GIVEN INFORMATION ->
[Start of Attachment]
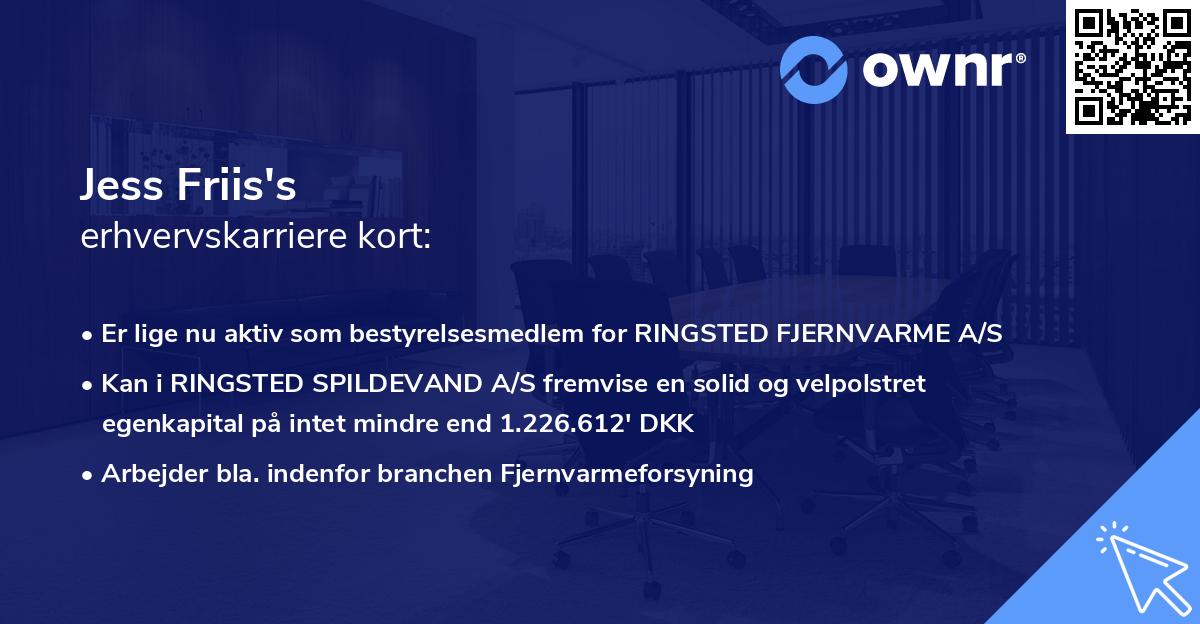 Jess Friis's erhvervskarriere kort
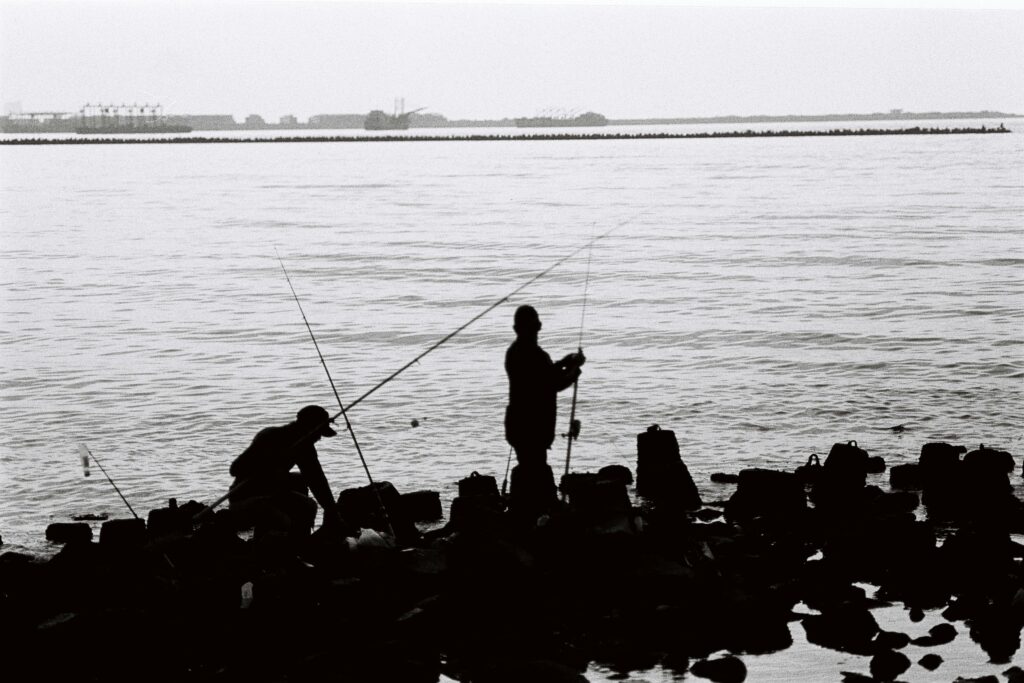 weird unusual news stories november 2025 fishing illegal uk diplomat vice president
[End of Attachment]
[Start of Attachment]
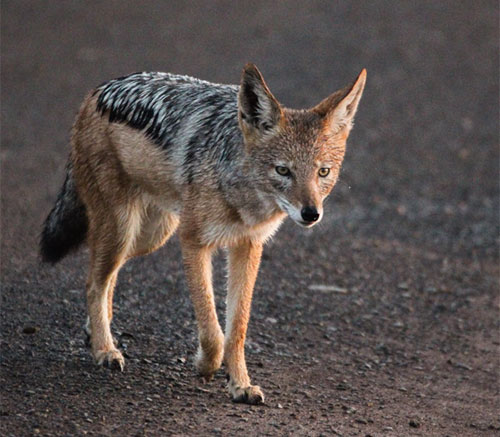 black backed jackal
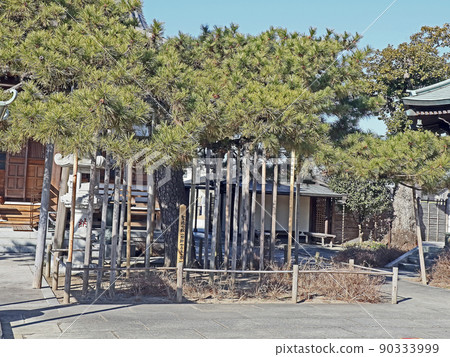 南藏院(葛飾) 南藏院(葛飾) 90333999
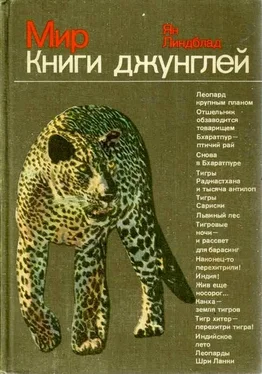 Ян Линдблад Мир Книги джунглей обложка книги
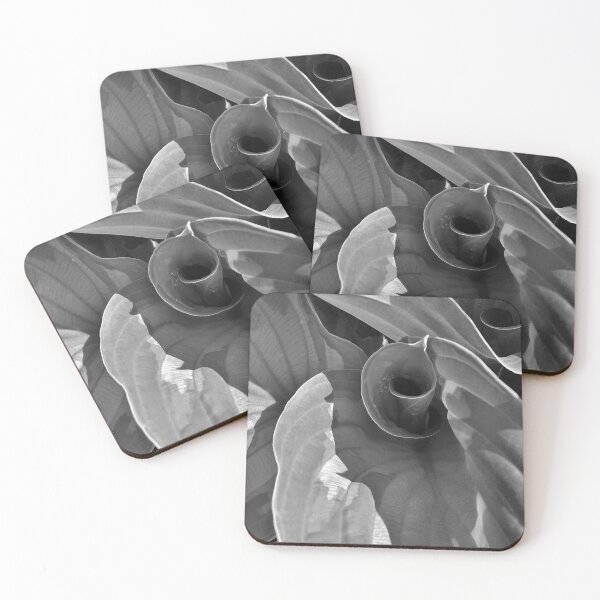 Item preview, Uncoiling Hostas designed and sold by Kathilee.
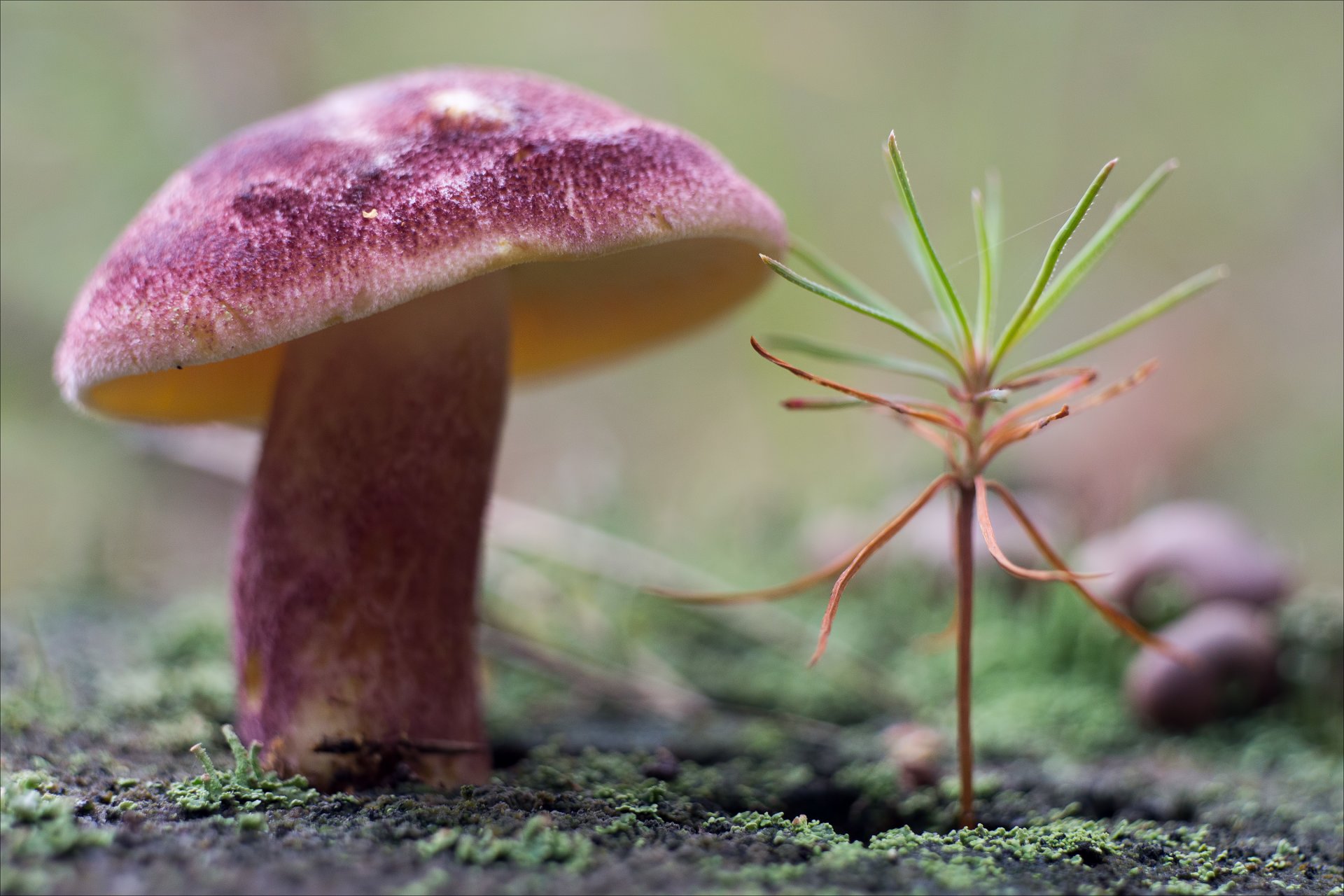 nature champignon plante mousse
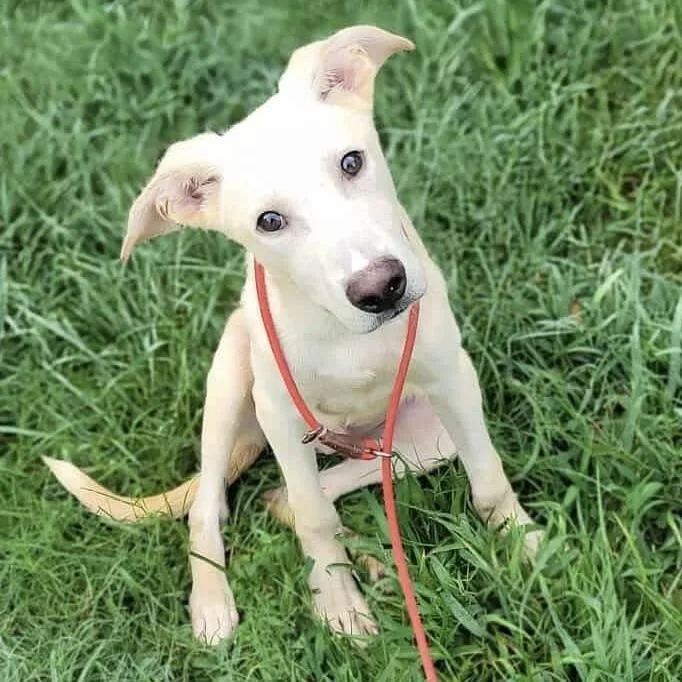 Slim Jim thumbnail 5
[End of Attachment]
TASK DIRECTIONS -> Above are the records; return the lines in them from the one with "Jess Friis's erhvervskarriere kort" to the one with "weird unusual news", inclusive, exactly and without images.

RESPONSE FOR THIS EXERCISE ->
 Jess Friis's erhvervskarriere kort
 weird unusual news stories november 2025 fishing illegal uk diplomat vice president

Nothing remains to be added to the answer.